Forum - XML Standard

 View Only

Discussion: The case for preserving naaccrNum

  • 1.  Discussion: The case for preserving naaccrNum

    Posted 05-06-2021 03:04 PM
    Kathleen Beaumont

    Note: I argued with all my strength in the NAACCR XML Work Group about the choice to eliminate the data item number (naaccrNum) from NAACCR XML data files, and lost. Now the news comes in over my transom that a campaign is afoot to eliminate the item number from the entire XML specification and from Volume II. I am going to make one last appeal here to the community at large not to let that happen.

    The EDITS tools perform data validation processing referring to NAACCR Volume II and custom data items using their unique number identifiers. There are two leading reasons why this design was implemented and remains in practice:

    * Volume II has historically made changes to data item names. The numbers are immutable.
    * Computers prefer numbers to strings.

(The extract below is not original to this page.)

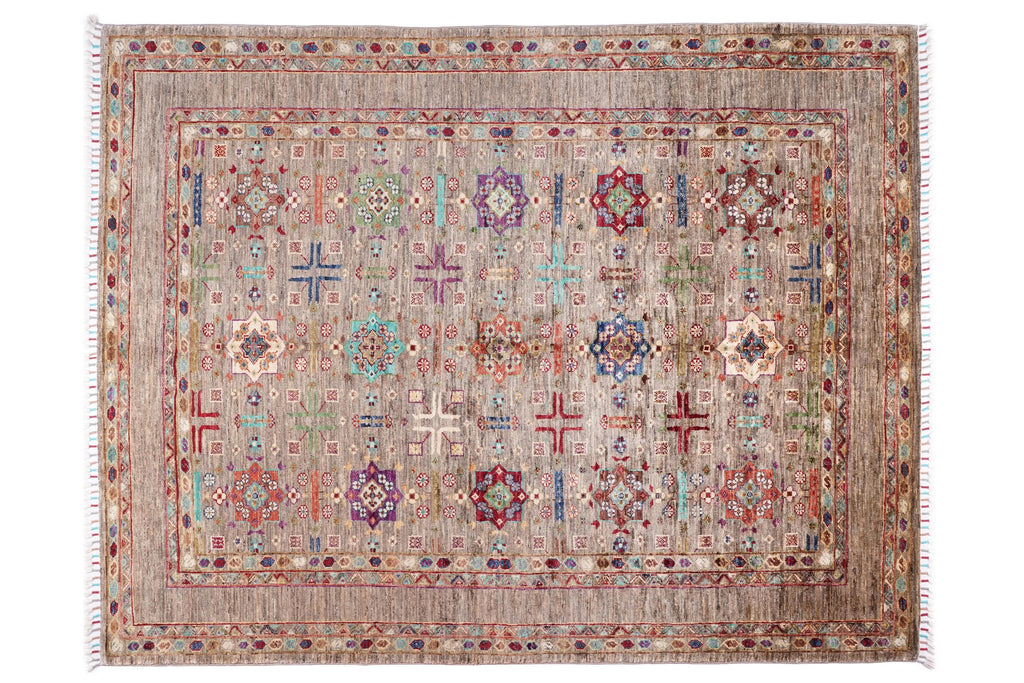One of a Kind Sultani Afghan Rug 6.39 x 5.02 Ft – Handmade Tribal Area Rug – Vintage Afghan Carpet – Earthy Neutral Boho Rug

    The argument was made to me that the naaccrId is now the "immutable" identifier. By design, it repackages the data item name so that a casual reader of a data file knows all it contains about a patient's cancer. The naaccrId is already out of synch with the (modified) data item name in a number of cases, but mostly seems to suggest what the item is. (Does countyAtDxGeocode1990 mean the same thing as countyAtDxGeocode19708090? The latter represents how the NAACCR XML specification's algorithm would translate the current name of data item 94.)

    But more important to any programmer who has to listen to somebody complain that his software doesn't run fast enough is that second bullet. When you use a string as an identifier, your processing includes running your language's equivalent of string.compare() to determine whether your search for "phase1RadiationExternalBeamPlanningTech" is found in the XML record (it has to evaluate every byte of that string to be sure). And it has to run this process every time you want that item.

    Or you could simply ask it to find data item 1502. Pop quiz: Which look-up happens faster?

    I am unpersuaded of the value of naaccrId at all, but can accept it as a property of the specification since it seems to be fundamental to at least one vendor's implementation. But let's not rush to throw out the naaccrNum. All that accomplishes is diminished performance for high-volume batch processing such as EDITS.

    Kathleen

    Bruce Riddle

    I agree that NAACCR Number is very important to operations. Almost all by
    code uses the NAACCR number to refer to variables. The number gives me an
    exact name. I cannot imagine working with on a day to day with the longer names
    in the XML specification writing code. It is just a great deal of typing and chances
    to make errors.

    Bruce

    Bestro Pattrix

    Almost all by
    code uses the NAACCR number to refer to variables. The number gives me an
    exact name. I cannot imagine working with on a day to day with the longer names
    in the XML specification writing code. It is just a great deal of typing and chances
    to make errors. case

    Fabian Depry

    To the best of my knowledge, there is no plan (short term or long term) to eliminate the NAACCR numbers from the NAACCR XML specifications.

    It is true that the numbers are optional in the data files, but they are required in the dictionaries; meaning it is not possible to define a data item without defining a unique number for it.

    The reasoning for introducing unique NAACCR XML IDs was that they are human readable, they introduce less potential conflicts (if an organization adds a proper prefix to its own data item, it basically eliminates any possible conflict with other data item IDs), and they are valid programming variables (for most languages), allowing some developers to use them as-is in their programs (it wouldn't make sense to call a variable 400 but it can be called primarySite).

    The reasoning for making the numbers optional in the data file was that the IDs uniquely identify the data items, and so technically a software shouldn't need them to consume a data file (if a software prefers to deal with the numbers, then the dictionary provides a one-to-one mapping between the IDs and the numbers).

    At the end, some people/organizations prefer to deal with numbers the way they always have, and some people/organizations have embraced the new IDs, and stopped using the numbers completely. Both approaches are perfectly fine.